- _EXERCISE DATA_
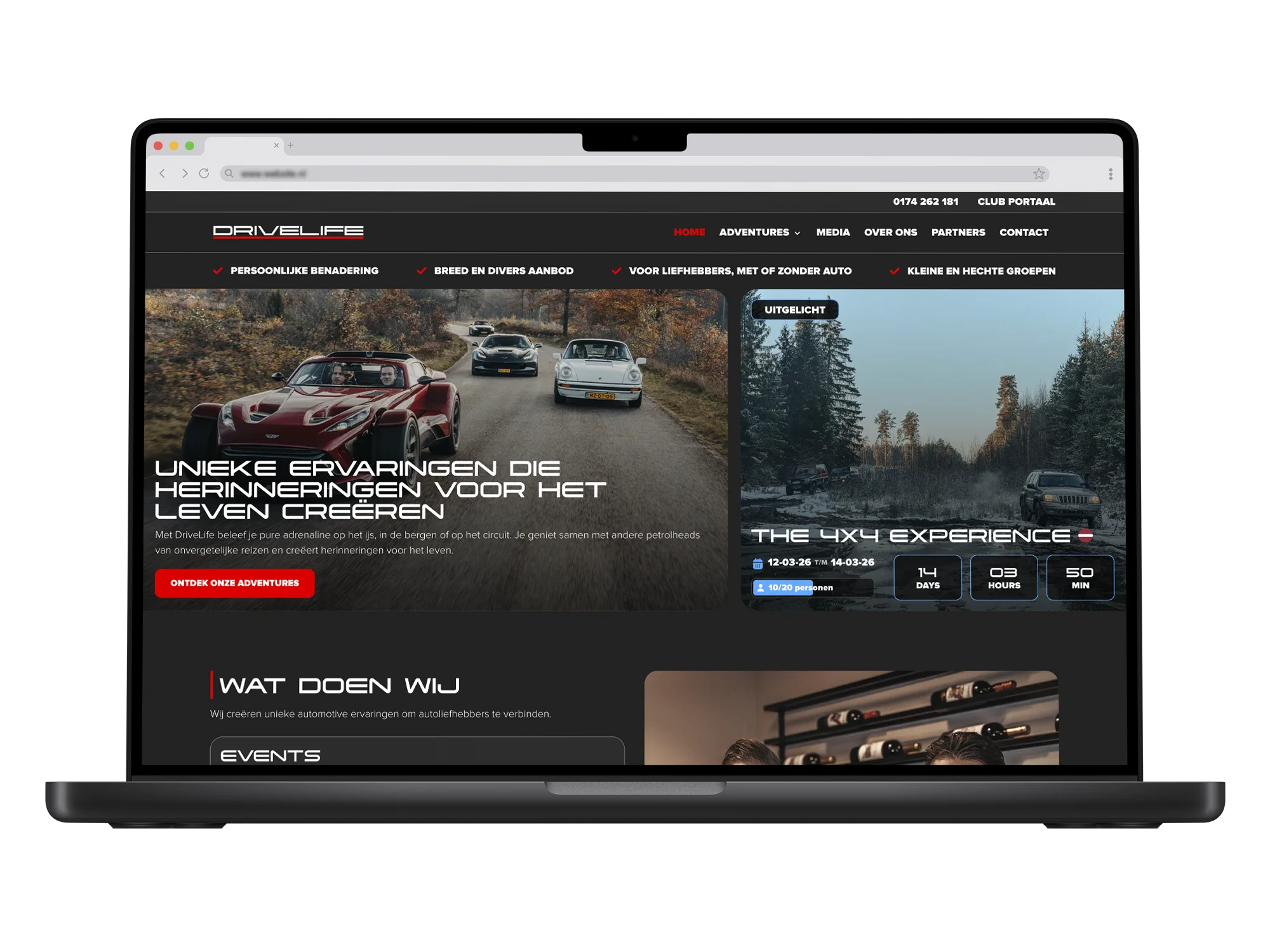 Drivelife – mockup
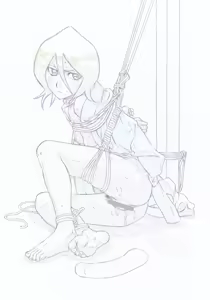 Page 5 of Bleach Heroine Kannou Rough Gengashuu MIX - preview thumbnail
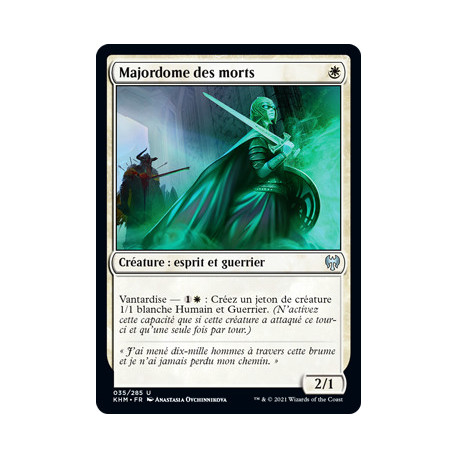 (Foil) Blanche - Majordome des morts (U) [KHM]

- _EXERCISE AIM_
Give back the full listing above word for word, and let no picture through.

- _TASK RESPONSE_
 Drivelife – mockup
 Page 5 of Bleach Heroine Kannou Rough Gengashuu MIX - preview thumbnail
 (Foil) Blanche - Majordome des morts (U) [KHM]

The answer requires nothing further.